### To do:
Extract, exactly and without pictures, every line from the one that includes "Dieffenbachia amoena 'Compacta'" through the final line of the material below.

### Supplied information:
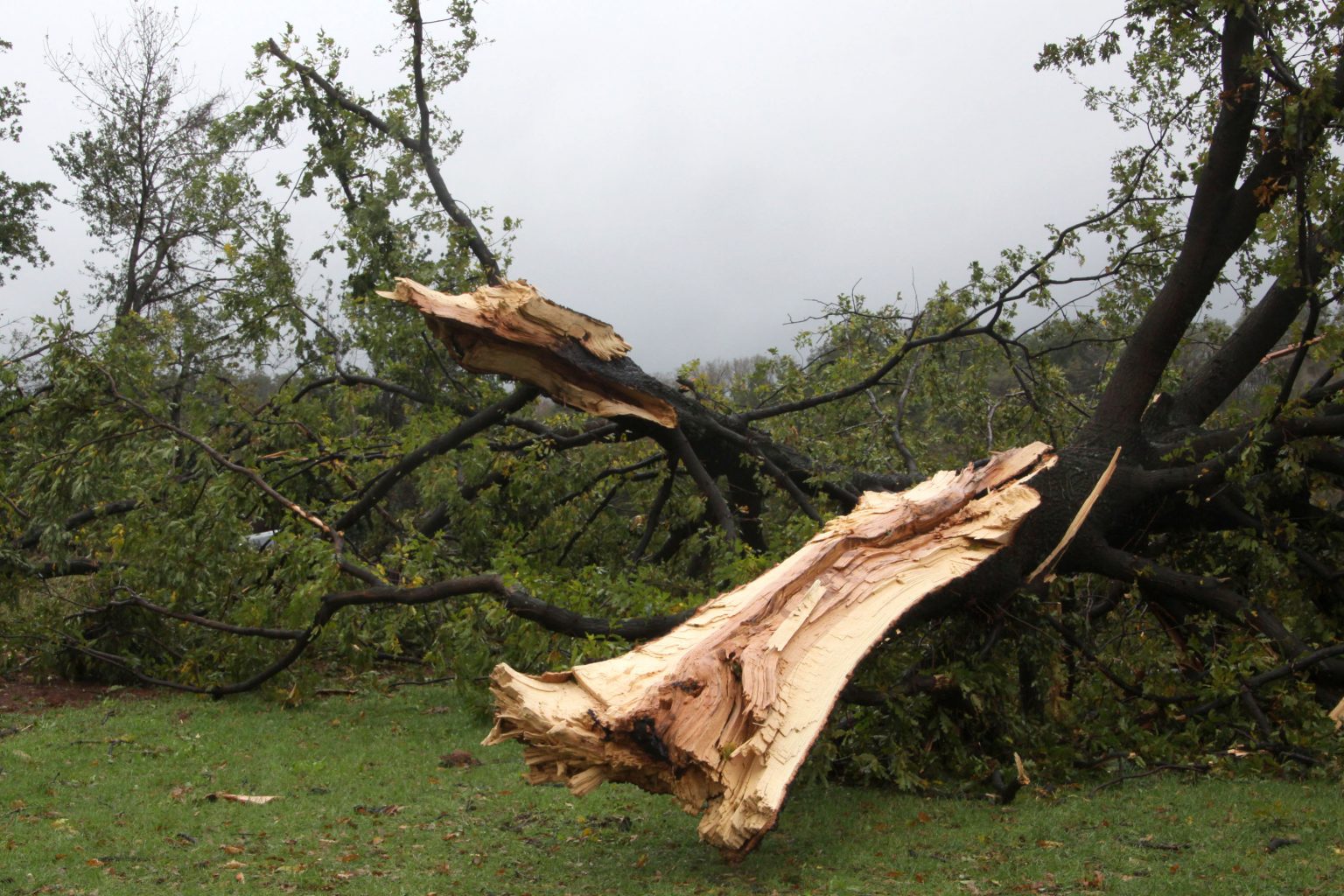 Nevrijeme poharalo Koprivnicu, vjetar rušio stabla, potopljeni podvožnjaci…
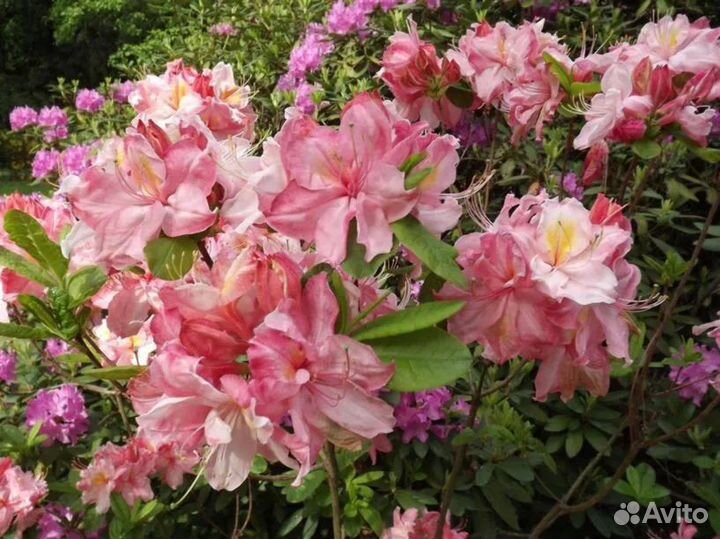 Саженцы Рододендрон листопадный Сhanel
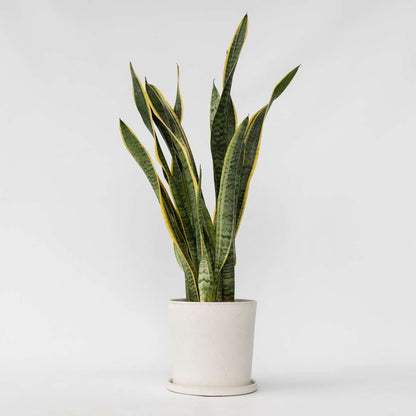 Sansevieria Bogenhanf - Sansevieria Trifasciata Laurentii - Höhe 65-75Cm - ⌀21Cm 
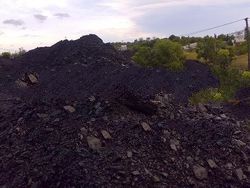 Steam Coal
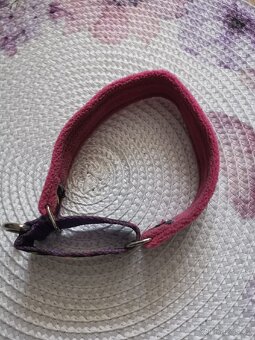 Obojek pro psa podšitý - 5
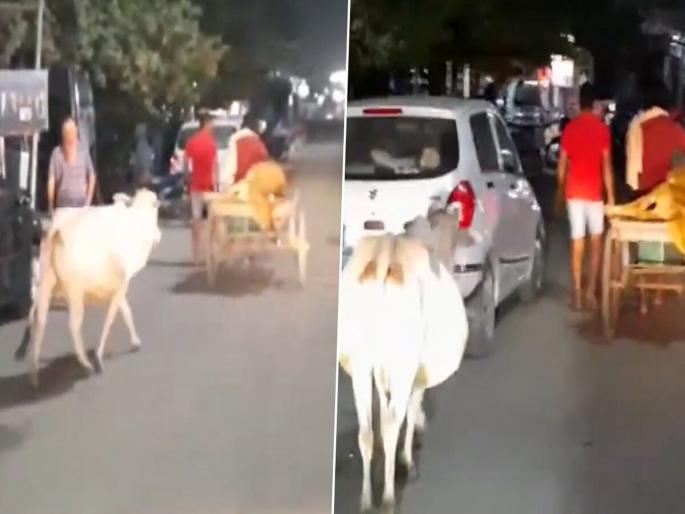 Cow in odishas malkangiri rushes behind trolley rickshaw taking calf to veterinary hospital | हृदयद्रावक! जखमी वासराला रुग्णालयात नेणाऱ्या हातगाडी मागे धावत होती ती; व्हिडिओ पाहून डोळ्यात येईल पाणी Cow in odishas malkangiri rushes behind trolley rickshaw taking calf to veterinary hospital | हृदयद्रावक! जखमी वासराला रुग्णालयात नेणाऱ्या हातगाडी मागे धावत होती ती; व्हिडिओ पाहून डोळ्यात येईल पाणी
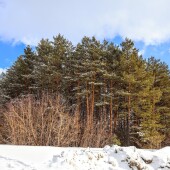 45d4ea946b49113db2659b6b532b49d7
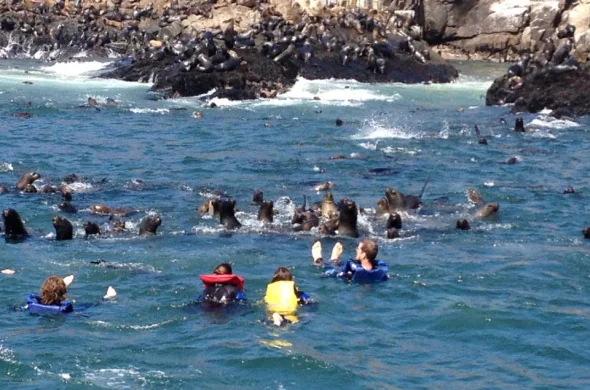 Nadando com os leões marinhos nas Ilhas Palomino, em Callao.
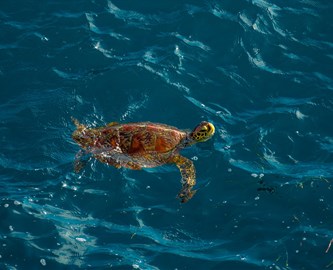 Skildpadde i havet ved Nusa Lembongan på Bali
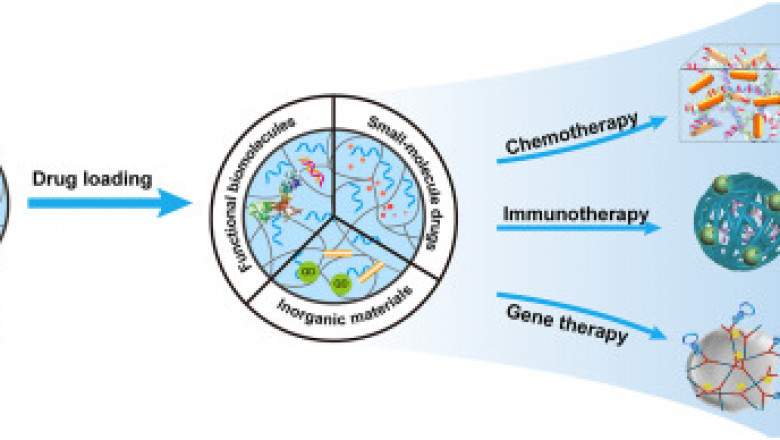 Hydrogel-Based Drug Delivery Market Forecast: Growth, Drivers, and Future Trends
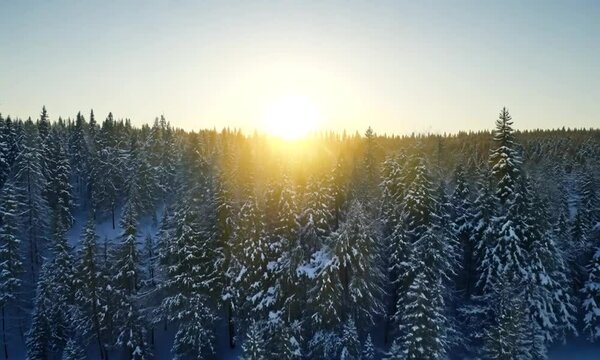 sunset in the  conifeur forest. winter solstice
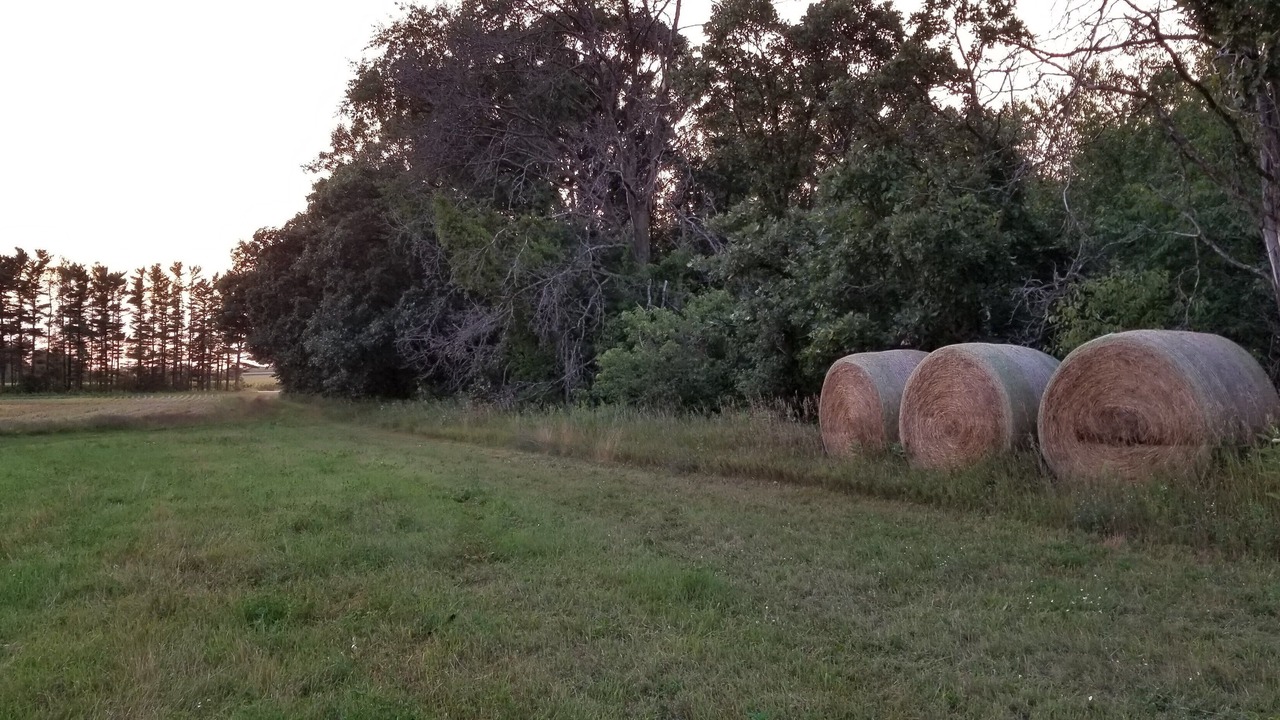 Photo of Others in Adams County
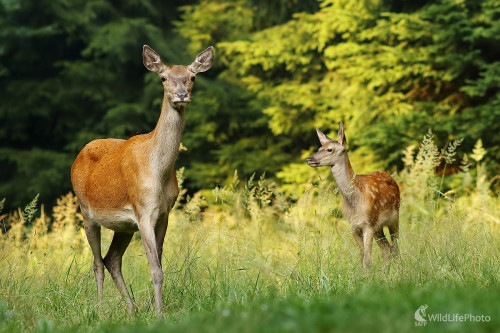 Jelenička a jelienča, Peter Jurík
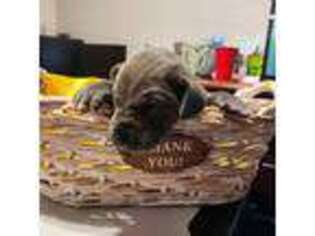 Great Dane Puppy for sale in Hollywood, FL, USA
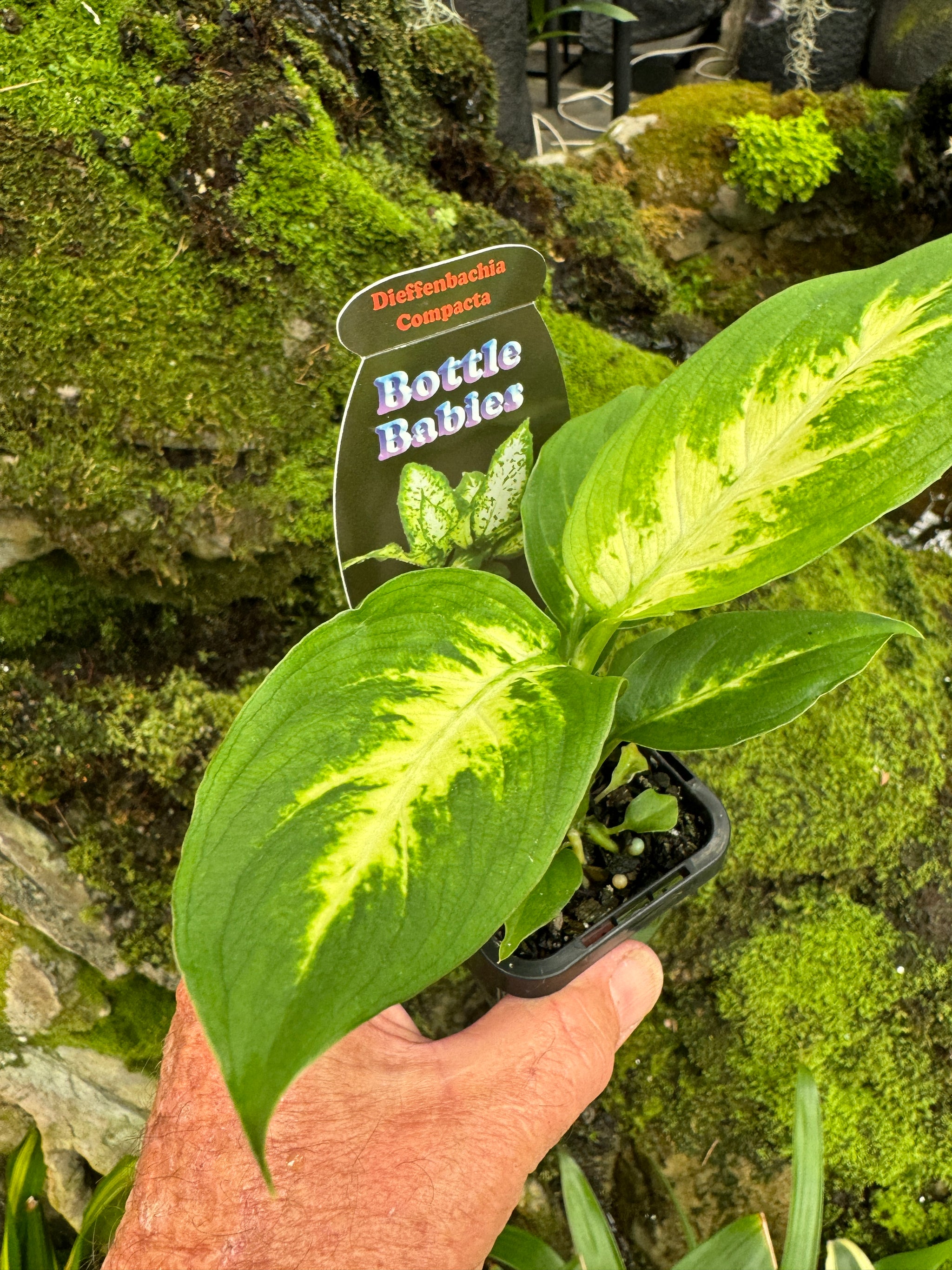 Dieffenbachia amoena 'Compacta' - The Compact Dumb Cane (Not WA)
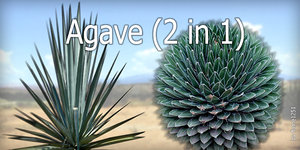 Agave Plant 2-in-1 - High-Resolution Textures with Alpha Channel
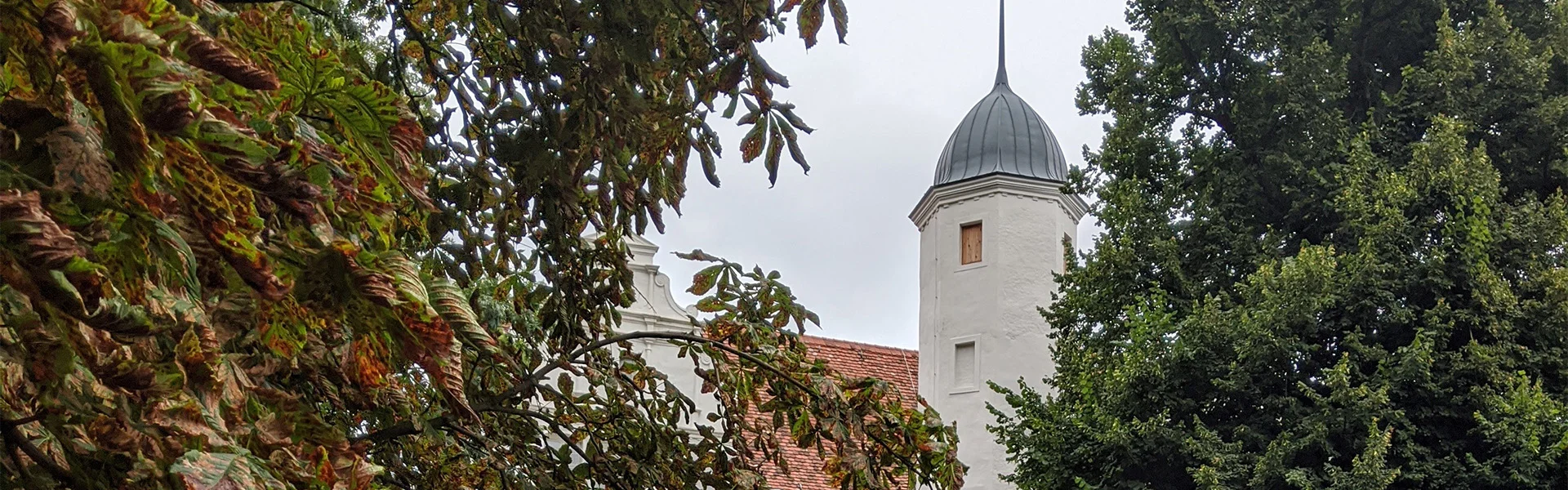 Bannerbild
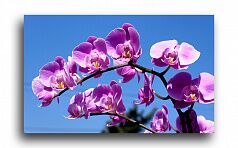 Постер 90 "Сиреневые орхидеи"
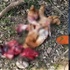 柴犬「皮蛋」走失一天，竟慘遭屠殺肢解！主人寫下悲痛心情讓人灑淚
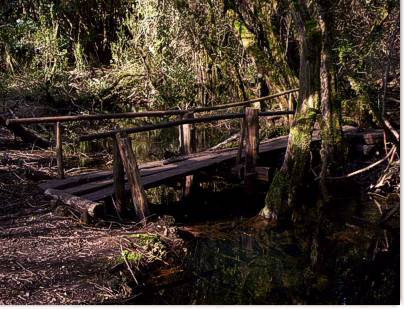 Pitranto Grande, paseos y excursiones desde El Bolson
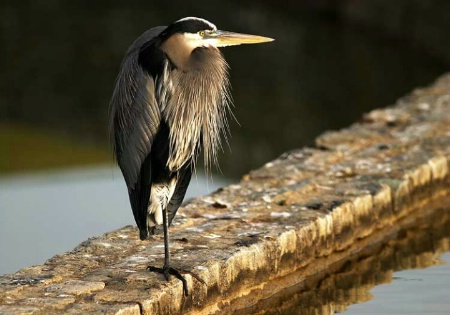 The Great Blue Heron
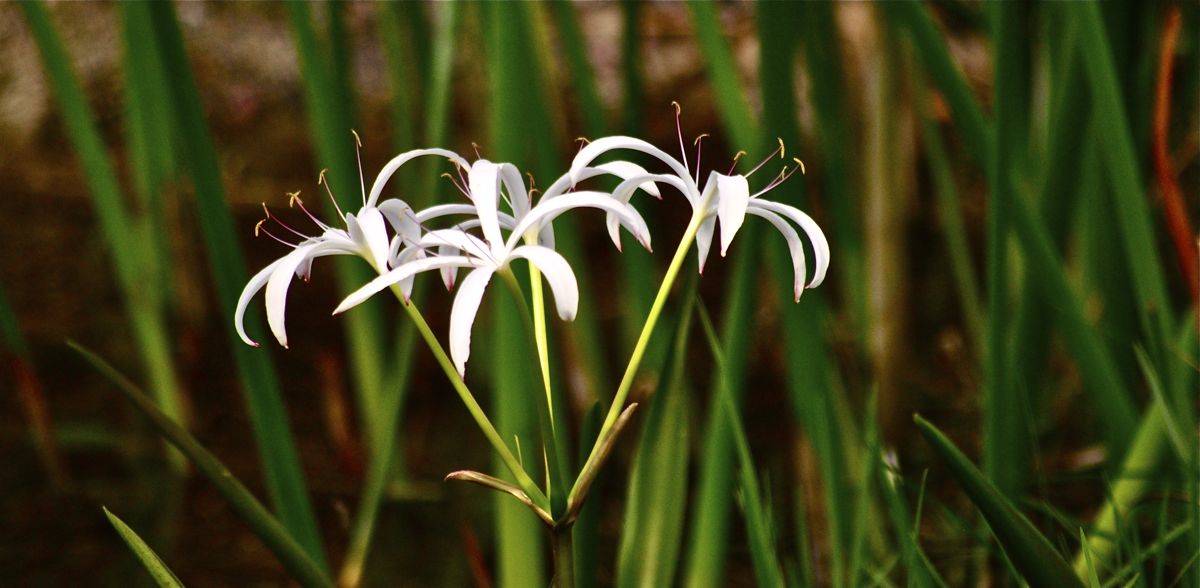 spider lily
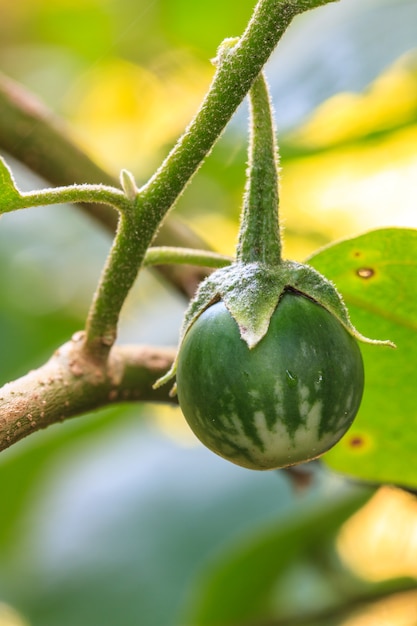 Aubergine auf Baum im Garten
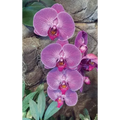 Hot Pink Orchid Journal
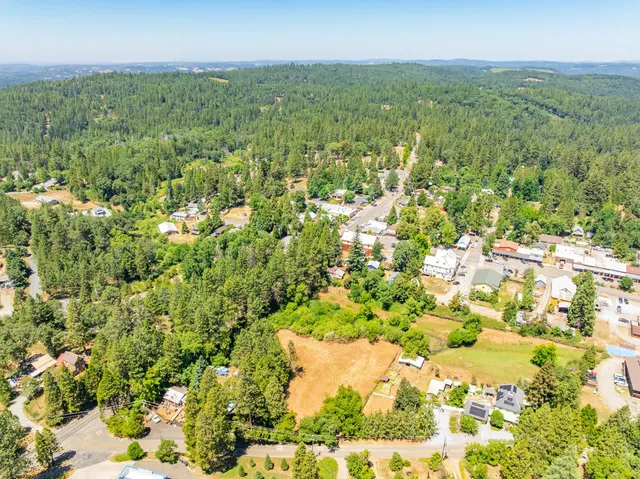a view of a city with lush green forest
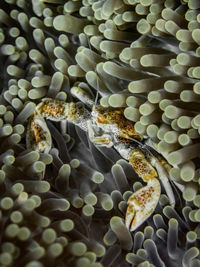 Close-up of turtle in sea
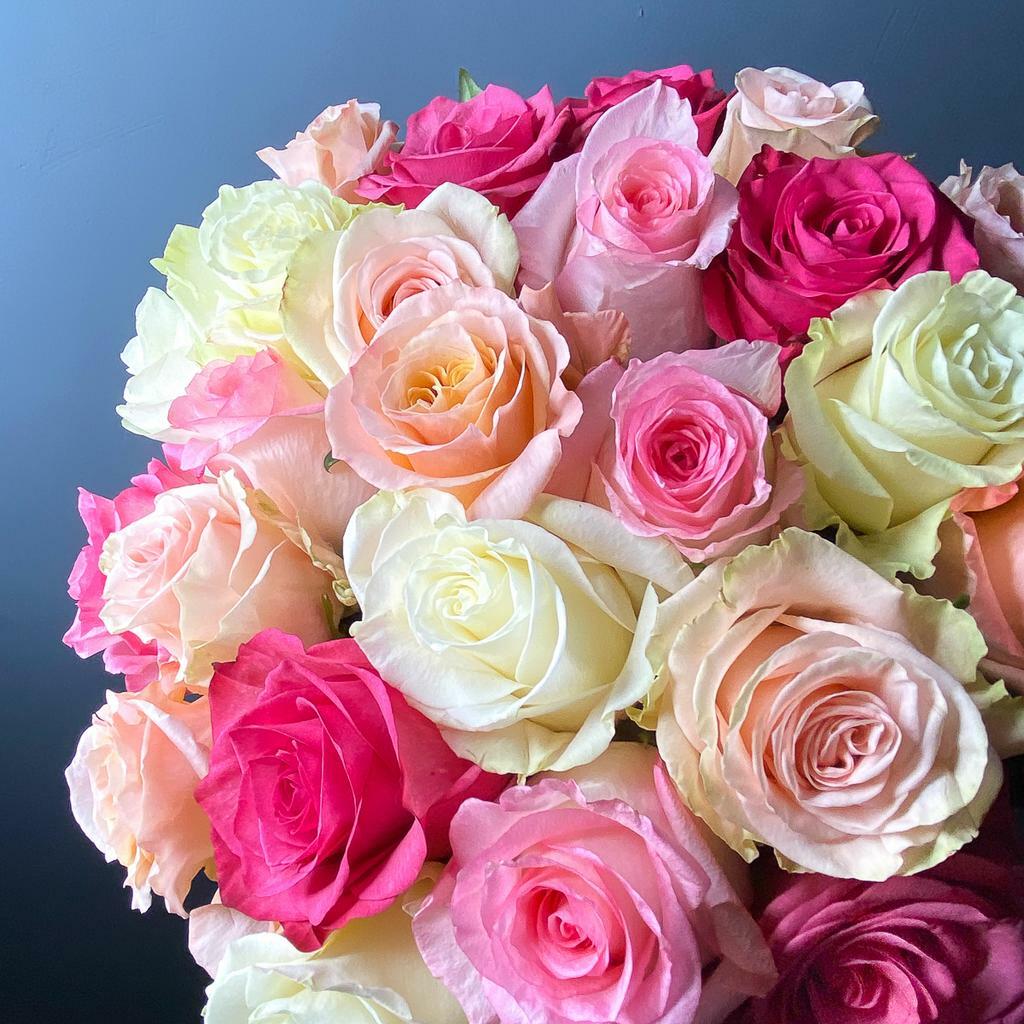 25 эквадорских роз МИКС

### Solution for this exercise:
 Dieffenbachia amoena 'Compacta' - The Compact Dumb Cane (Not WA)
 Agave Plant 2-in-1 - High-Resolution Textures with Alpha Channel
 Bannerbild
 Постер 90 "Сиреневые орхидеи"
 柴犬「皮蛋」走失一天，竟慘遭屠殺肢解！主人寫下悲痛心情讓人灑淚
 Pitranto Grande, paseos y excursiones desde El Bolson
 The Great Blue Heron
 spider lily
 Aubergine auf Baum im Garten
 Hot Pink Orchid Journal
a view of a city with lush green forest
 Close-up of turtle in sea
 25 эквадорских роз МИКС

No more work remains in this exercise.